“Three days. You were only there for three days, and you couldn’t restrain yourself.”
Trippin’ through the Cosmos! We got us here a race of alien bottom-feeders; hiding in the plasma exhaust of warp-capable spaceships, feeding on the fumes, and riding bitch inside the Enterprise warp bubble. We didn’t start hearing about the warp bubble until, I think, “Remember Me,” and Wesley Crusher’s ill-fated experiment that sent his mother into a terrifying parallel plane where people started disappearing. Warp bubbles are now part of the Star Trek lexicon. The adorable Xyrillians are also explorers, but with a broken-down engine, they’re forced to surf the Enterprise wave, and our bright, shining crew is able to spot them. Archer is, at his core, altruistic, so he offers to send Trip over to take a look at their systems and try to help them. They accept.
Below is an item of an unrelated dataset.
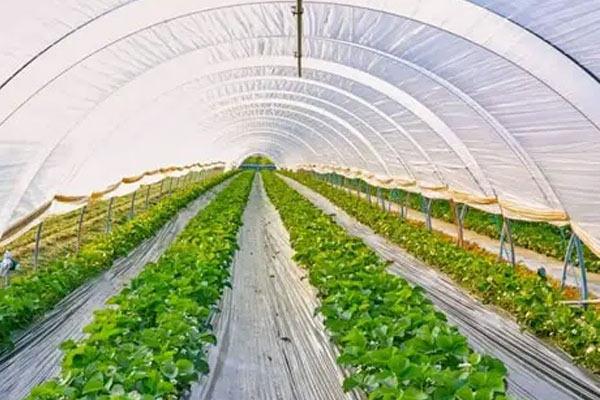 agri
It takes a few hours of mind-numbing decompression and cognitive tests before he can safely enter their ship. This is a weird place, loaded with unusual scaley-brown people and food growing on the walls. Trip has a severe panic attack, so their engineer, a comely brown thing called Ah’len takes them to what we will later identify as a “holodeck.” They sit in a boat on a river (… with tangerine trees and marmalade skies …), put their fingers in some pebbles (Ah’len wants to play games with him, you see), and telepathically flirt with one another until he gets his bearings and goes back to work. Trip fixes the ship and they say their goodbyes. A few minutes after the Xyrillian ship departs, Trip develops what can only be called a nipple on his wrist. Phlox does an examination and informs Trip he’s pregnant! Cue the needle scratch and James Brown’s, “I Feel Good.”
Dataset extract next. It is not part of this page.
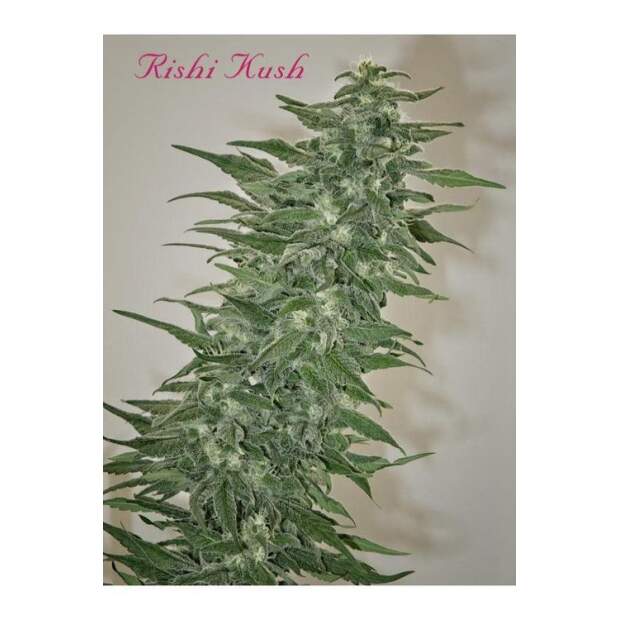 Mandala Seeds Rishi Kush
Of course, this could only happen to Trip. The first two seasons of Enterprise had “Trip must suffer” storylines pretty much every other episode. The usual pregnancy “hilarity” ensues. Trip becomes hypersensitive. He wears a baggy shirt, even though it seems like the child is growing a little higher up in his chest cavity, and he becomes prone to emotional outbursts. He doesn’t escape the scorn of T’Pol who chastises him for getting himself pregnant. Those Vulcans and their “blame the victim” mentality. Seriously, who could foresee such a circumstance? You touch some rocks and then you’re pregnant? That’s not what I was taught. What is “first base” for these aliens? After several days, they find the Xyrillian ship sucking up the exhaust of a Klingon ship this time. Seems Trip’s repairs didn’t stick.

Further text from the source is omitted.